It also seems to me that spoken English is far more time-efficient, consisting as it does of one syllable words where Spanish, for example, would use a 3-syllable word.

I wonder how Chinese and Hebrew would score.

[(myl) Your question is at least equally interesting, but it's also equally hard to answer in a straightforward way. There's some discussion in "Comparing communication efficiency across languages", 4/4/2008.]
McLemore said,

June 1, 2010 @ 10:13 am

Well gosh Mark, too bad you were so short on time that you were only able to write 10 unserious paragraphs. (Men and their chatty ways, I swear!)
Sili said,

June 1, 2010 @ 10:15 am

Ah, but writes lucidly of the Congo.
Jerry Friedman said,

June 1, 2010 @ 10:57 am

I enjoyed Laden's humor and neologipotence, but I got a faint feeling that he can't proofread without a spellchecker.

I like to complain about the schools here in northern New Mexico, but I've heard a semi-rural legend that the average tenth-grader here has a vocabulary of 500 words (or some other ridiculously small number). Dictionary sampling would be useful to show that's way off.

@jimbino: I've wondered how closely the higher speed (in syllables per second) of spoken Spanish compensates for the higher number of syllables needed for a lot of concepts. Of course there's regional and individual variation in speed in both languages.
Faldone said,

June 1, 2010 @ 11:09 am

Slightly related, I recently saw a napkin dispenser at a soft-serve ice cream stand that had directions in three languages: English, Spanish, and French. The English and Spanish said "pull down". The French had to specify what it was you were pulling down: "Pull the napkins down."
Stephen Jones said,

June 1, 2010 @ 11:57 am

Why does he think it obvious that 'run' the noun is different from 'run' the verb?
marie-lucie said,

June 1, 2010 @ 12:06 pm

Faldone, what were the actual Spanish and French words?
Dan T. said,

June 1, 2010 @ 12:41 pm

Your assignment page has a bogus character near the bottom (showing up, at least in my Firefox browser, as a question mark in a diamond). The likely culprit is the fact that you're using inconsistent character set designations; the server sends the page as UTF-8 in its HTTP headers, but your internal meta tags identify it as iso-8859-1. If the actual content of the page is iso-8859-1, then it will be misrendered by standards-compliant browsers because the HTTP headers take precedence over meta tags.
Nick Lamb said,

June 1, 2010 @ 12:43 pm

I presumed from the fact that almost every other word in the "rant" is made up that he's very conscious of what the problem is with counting words, and is actually using this opportunity to show the reader why this is all very tricky, but has chosen the form of a rant which pretends to assert the contrary.
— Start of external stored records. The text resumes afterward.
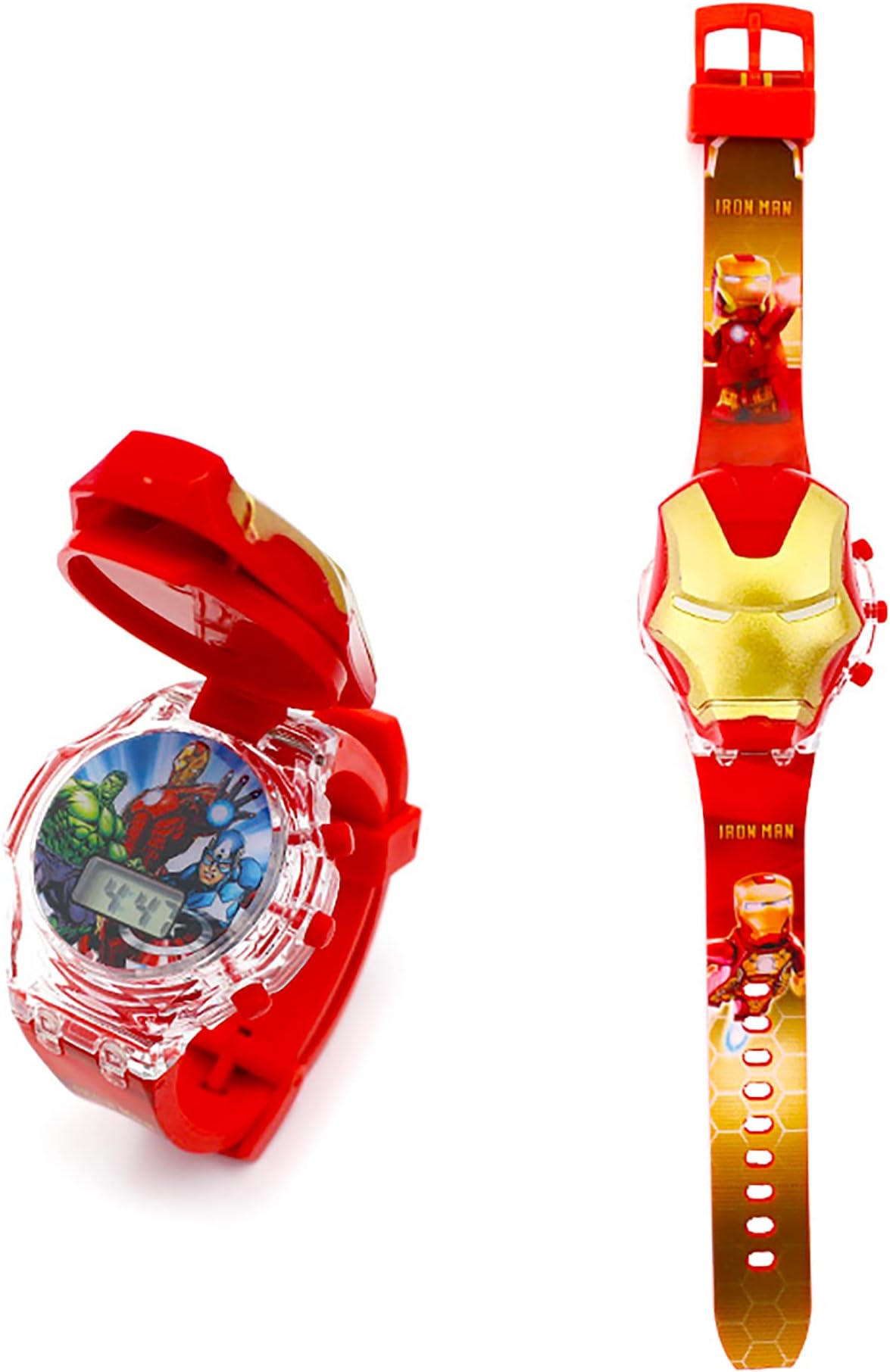 Time Up Digital Dial Superhero Cartoon Cap Printed Strap with Music Disco Light Watch for Kids (Age:3-10 Years)-LMW-BX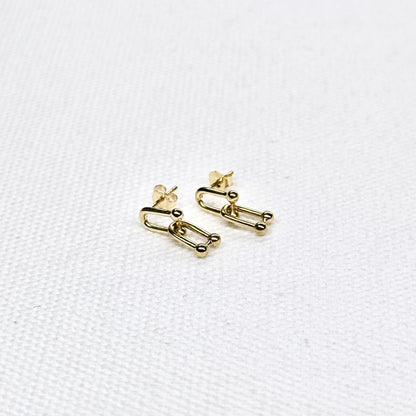10K Double U Links Studs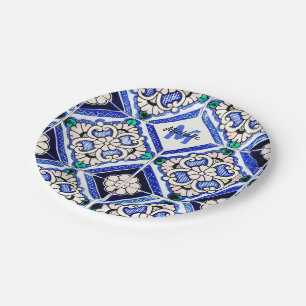 Prato De Papel Marinho de Azulejos de Padrão Espanhol Azulejo Mo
Sort-of like suggesting that the Irish should eat their children. Yes?

Excuse me if that was so obvious that everyone already knows it and I missed some hint that Mark dropped.
Jerry Friedman said,

June 1, 2010 @ 12:46 pm

@Stephen Jones: As he says in a comment, he thinks run is about 50 words. I pointed that this contradicts his claim that people agree by common sense on how many words there are.

I was wrong about proofreading—he doesn't spellcheck. Well, I don't write amusing blog posts with dozens of neologisms.
Jerry Friedman said,

June 1, 2010 @ 12:46 pm

Or "pointed out". That was probably a good spot for Muphry's Law.
Faldone said,

June 1, 2010 @ 1:21 pm

@marie-lucie:

English: Pull Straight Down

Spanish: Tire hacia abajo

French: Tirer sur la serviette

Capitalization as in original
Greg Laden said,

June 1, 2010 @ 1:49 pm

Thanks for your comments on my post. My response is here.

[(myl) Thanks for the response, but it left me even more puzzled than the original post did. It might help if you could explain what specific question(s) you want an answer to — or think that you have an answer to — and why you care. Or are you really just trying to make fun of (what you take to be) an "internet meme" about this topic?]
language hat said,

June 1, 2010 @ 3:11 pm

I presumed from the fact that almost every other word in the "rant" is made up that he's very conscious of what the problem is with counting words, and is actually using this opportunity to show the reader why this is all very tricky, but has chosen the form of a rant which pretends to assert the contrary.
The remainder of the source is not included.